__What the exercise asks__:
In the records that follow, find the line with "Deux hommes sur"; from there, retype every line exactly through the line with "Striped Mini Dress", which also belongs to the answer.

__Task input__:
····················
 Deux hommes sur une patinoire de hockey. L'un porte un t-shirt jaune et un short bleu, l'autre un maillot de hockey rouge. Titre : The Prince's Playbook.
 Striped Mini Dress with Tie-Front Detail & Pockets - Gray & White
····················
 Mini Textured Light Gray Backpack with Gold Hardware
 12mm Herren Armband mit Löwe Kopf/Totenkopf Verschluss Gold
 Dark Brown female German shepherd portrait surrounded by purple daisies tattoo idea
····················
__Task output__:
 Deux hommes sur une patinoire de hockey. L'un porte un t-shirt jaune et un short bleu, l'autre un maillot de hockey rouge. Titre : The Prince's Playbook.
 Striped Mini Dress with Tie-Front Detail & Pockets - Gray & White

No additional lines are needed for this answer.